Carbon fibre reinforced polymer (CFRP) composites first found their way into Formula One during the mid-1970s; however their full potential was not universally recognised until 1981 when John Barnard pioneered the carbon fibre monocoque with the McLaren MP4/1. After John Watson’s crash at Monza that season silenced sceptics’ concerns over structural integrity during impact, all Formula One teams followed suit, developing their own composite monocoques. The carbon fibre revolution had begun.
The superior specific strength and stiffness of CFRP to that of metals, as well as its formability, have made it the primary choice for highly loaded and aerodynamically optimised components of the modern Formula One racecar. More and more parts have evolved from metallic to composite construction as the teams’ engineers fight to reduce weight. More than three-quarters of a contemporary Formula One car’s volume is now made from CFRP, while it accounts for less than a third of its mass. So as this material offers such performance benefits, why aren’t even more components constructed from carbon composite?

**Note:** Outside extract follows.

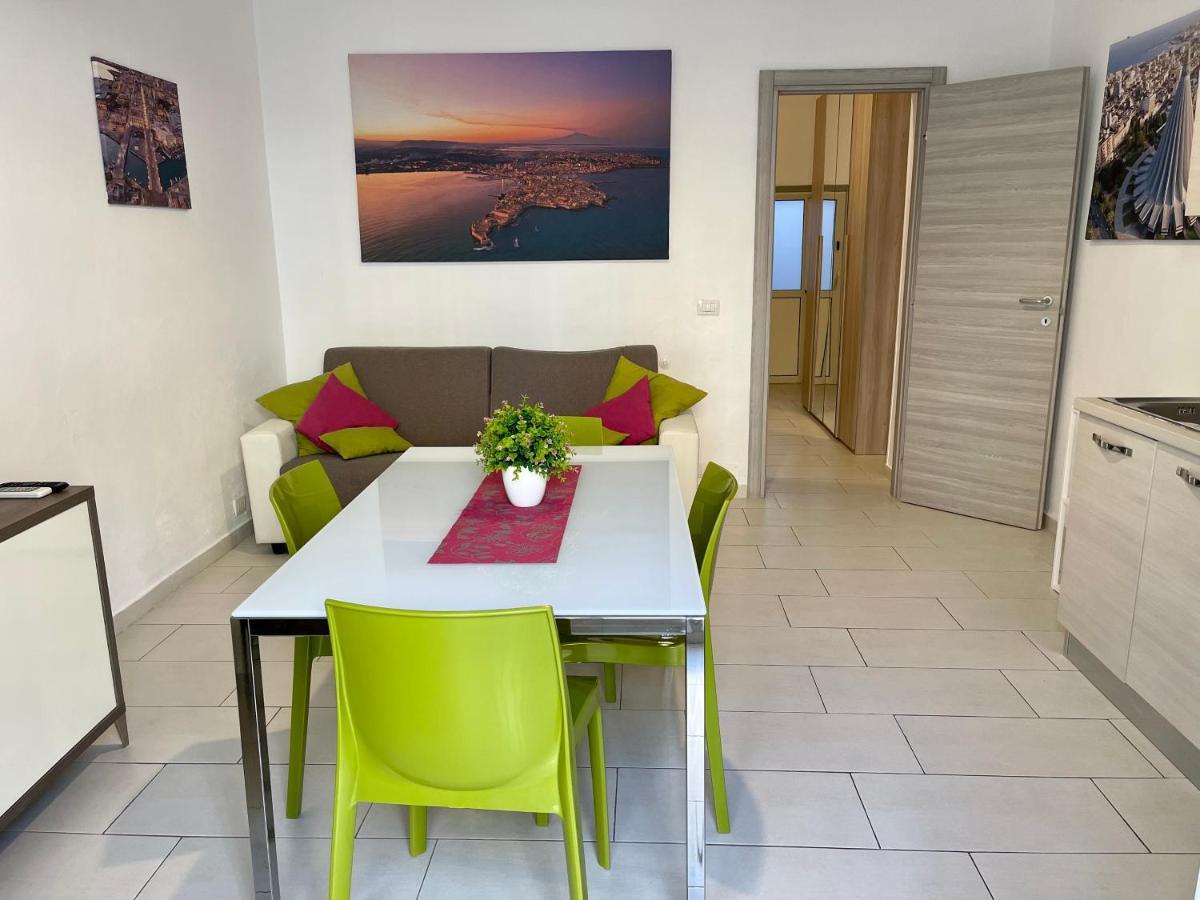 Casa Vacanze Dolce Sicilia Syrakusa Exteriör bild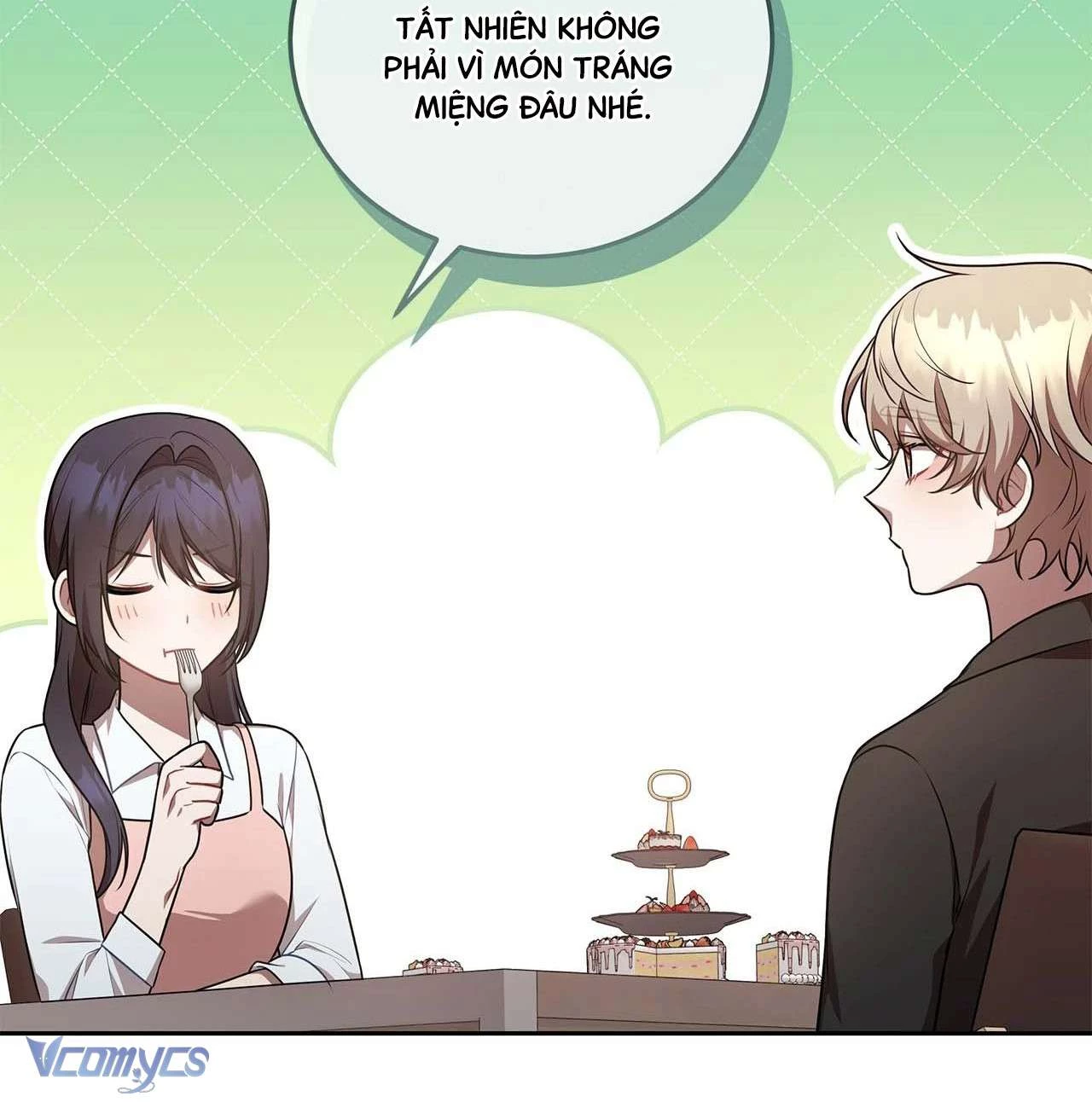 Chủ Tiệm Cafe Là Guide Cấp S Chapter  30 - 12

Outside of Formula One, the greatest obstacle would be cost (design, materials and production), but in the highly competitive world of motor racing this is unlikely to be prohibitive. The technical regulations restrict the use of materials for certain components, forbidding the application of composites in some areas, but one of the major limiting factors is structural integrity at elevated temperatures above 400 C.

Carbon fibres themselves have very high temperature resistance (carbon sublimes at above 3000 C); however it is the polymer matrix that limits the ultimate operating temperature of the composite. The predominant matrices are thermosetting polymers, examples being epoxies and polyesters, with Formula One composites being dominated by the former.

Epoxy systems exhibit maximum glass transition temperatures (Tg) of around 180 C above which the matrix softens, taking on a rubber-like state, greatly reducing the load-carrying capability of the composite. There are alternative polymers, including bismaleimide (BMI) and cyanate ester, which can achieve transition temperatures of up to 380 C.